OPINIÓN

Hay en Madrid una niña

Hay en Madrid una niña
Hay en Madrid una niña
Hay en Madrid una niña

La primera estudiaba una ingeniería y estaba de Erasmus en alguna ciudad europea. Tenía la nariz respingona, los ojos llenos de risa, el pelo rubio ceniza, pero las formas de una mujer asentada en la adultez. Lo recordaba sin dolor, como un episodio curioso de la infancia: alguien le dijo a sus padres que la llevaran al casting de Celia, la serie que estaba preparando Borau para TVE, ella no opuso resistencia. Quizás precisamente por aquella naturalidad exenta de ambición, fue escogida para el papel. Sus padres resolvieron que lo importante eran los estudios. Igual de despreocupada que entró en aquel sueño, salió de él. Cuando la conocí, comía espaguetis con la mirada de quien tiene algo más importante que hacer, recogía la mesa con la resolución una persona sin escollos del pasado a quien le espera una vida llana y feliz.

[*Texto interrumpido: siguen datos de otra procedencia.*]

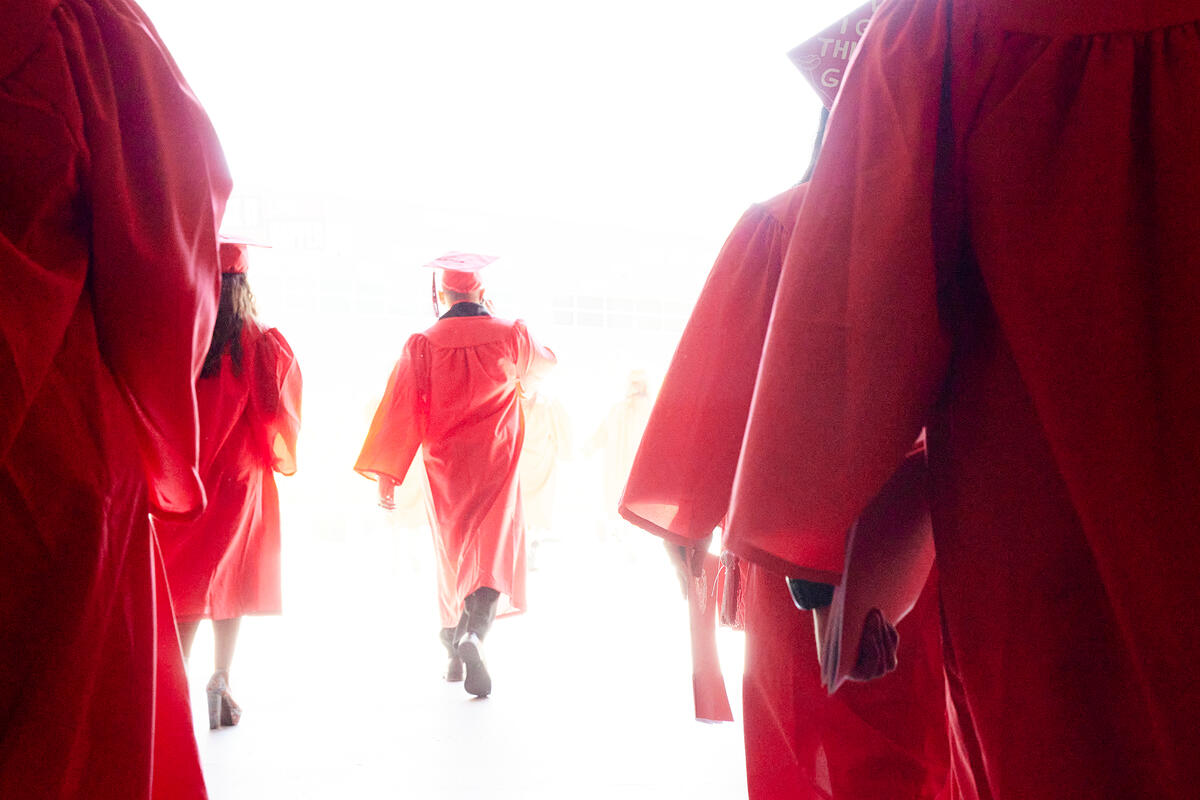 Students in cap and gown walking toward light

La segunda era doliente, hermosa. A los 35 conservaba casi el mismo cuerpo aniñado que cuando viajó, hecha un manojo de terrores, hacia el casting en Madrid. A escondidas de sus padres, su tía le había cosido un vestido azul, le había aclarado los rizos con camomila. Su tía y ella abrigaban la ambición, le daban de comer, le abrían unos agujeritos en la tapa de la caja para que respirara. Su carisma se desparramó inevitablemente delante de la cámara. Finalmente, fue escogida para ser una de las amigas de Celia. De tanta rabia, desmembró a su peluche favorito, pero aceptó el papel. El primer día de rodaje amaneció con la varicela. 25 años después aún conservaba una marca de la enfermedad en la frente. “Cuando cambia el tiempo, me duele a morir”, me dijo. Todos y cada uno de los días que trabajamos juntas en aquel call center, tuvo los ojos tristes de Celia cuando es abandonada por sus padres en el colegio de las monjas.